The film’s a character study of ‘the artistic temperament’, and we watch with contradictory feelings of admiration, abhorrence and plain puzzlement. There are very few exteriors, and the vast majority of the film takes place inside the limited sets of the house. (I didn’t even know when it was set until reading it afterwards.)

The next most significant characters are Alma, his latest muse, assistant and living mannequin, and his sister Cyril. (I have no idea why she’s called Cyril!) While Reynols busies himself with his work, Cyril is the business head. When he intends to refuse a society invitation, Cyril curtly informs him such people pay for their house. Viewing a finished dress, he pronounces it as matching his specifications yet “ugly” before (albeit involuntarily) damaging it. If it doesn’t work for him it’s of no use. Cyril then goes into gear, politely but firmly telling the seamstresses no-one’s going home until it’s repaired and the client’s order fulfilled.

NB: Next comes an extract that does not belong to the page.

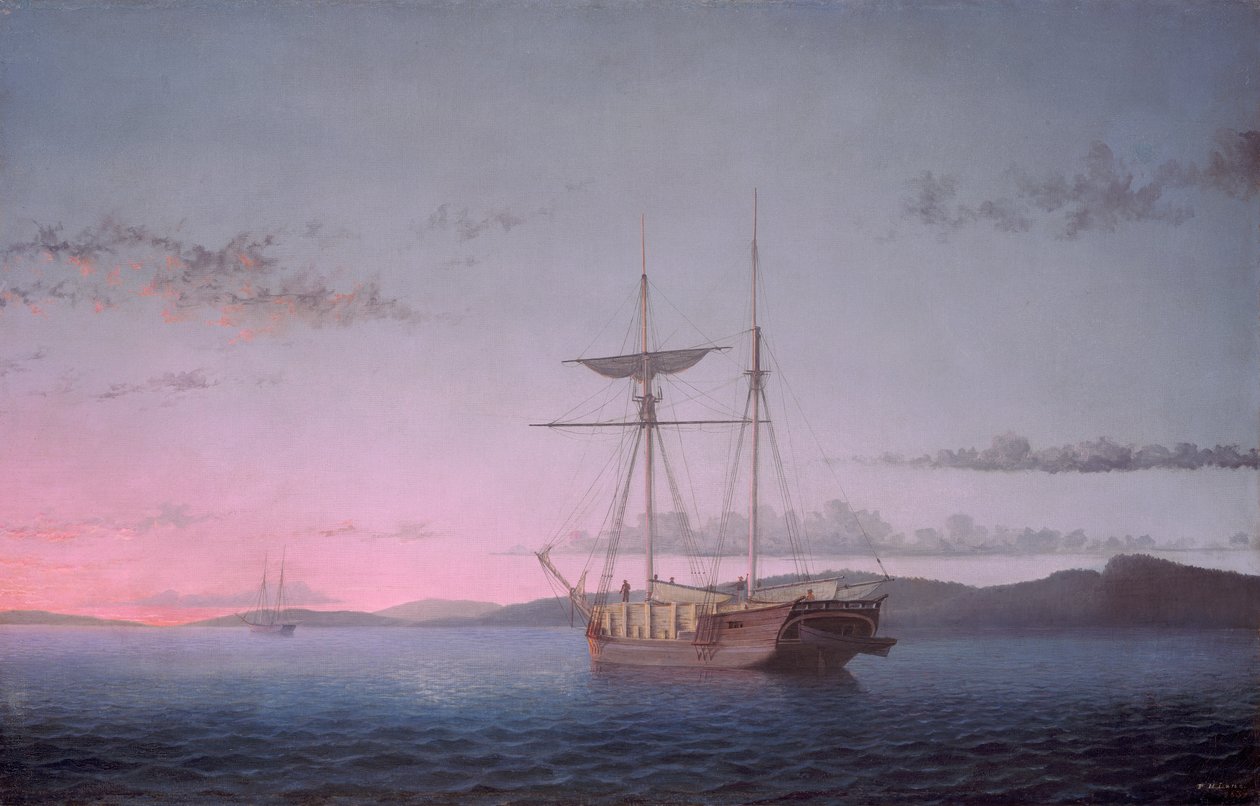 Puukuunarit illalla Penobscot Bayllä tekijältä Fitz Henry Lane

Alma is demonstrated to be unlike Cyril, her interest in the man not the goods he produces. When a (particularly disliked) customer collapses in one of his dresses, she brusquely forces her way into the room to rescue it. And as that example shows, she’s capable of agency. Unlike her predecessor muse, a doormat whose shunting offstage is even accomplished offstage.

But the fact we’re discussing Alma in the negative, seeing her in terms of not occupying space blocked off elsewhere, is indicative. The film, so fixated in Reynol’s fixations, has little interest in her fixation on him. Does his devotion to his work attract her at the same time it shuts her out? Does she sense someone beneath all this? Is she merely looking for a place in the world?

She has no backstory, or anything else which might help us out there. She has strength of character yet no actual character. And such questions simply pass unasked. As in the classic Frank Sinatra quote, it’s his world and she just lives in it. And as this becomes more acute, as Reynols rebuffs her more and more cruelly and ruthlessly, and as she still persists, this absence of any actual Alma becomes a bigger and bigger space.

We all know rom-coms where unlikely couples overcome obstacles to get together. (And most mainstream films now have at least a rom-com element.) Naturally, they’re two-handers. We also know films where small characters work as our link to the lives of great ones. (Perhaps most exemplified in the early scene in ‘Citizen Kane’, where anonymous figures in a darkened movie theatre speculate on him.) ‘Phantom Thread’ is a strange mish-mash of the two.

Other reviews have found this a weakness of the film. But it’s clearly not a mistake. It’s a deliberate decision, however strange. Reynols isn’t portrayed sympathetically, he’s actually shown quite unsparingly. In the showing I saw, some were laughing out loud at his self-importance, as he delivered the most scathing abuse in the most mellifluous of tones. But in another way he’s simply not shown at all. Through non-Alma, we’re simply standing too close to him to frame him, and so we become radiated by his light.

The film comes to feel like something Reynols would make if he took up directing. Individual scenes can be stunning and exquisite. The afore-mentioned dress repair sequence, for example, has the dress laid out below multiple seamstresses like a patient on an operating table. A party scene is as elaborate and fantastical as a Fellini set-piece, yet occupies the screen for an absurdly brief period of time. It’s a film that’s cut from the most priceless cloth, but there’s no gaining any purchase on those silky surfaces.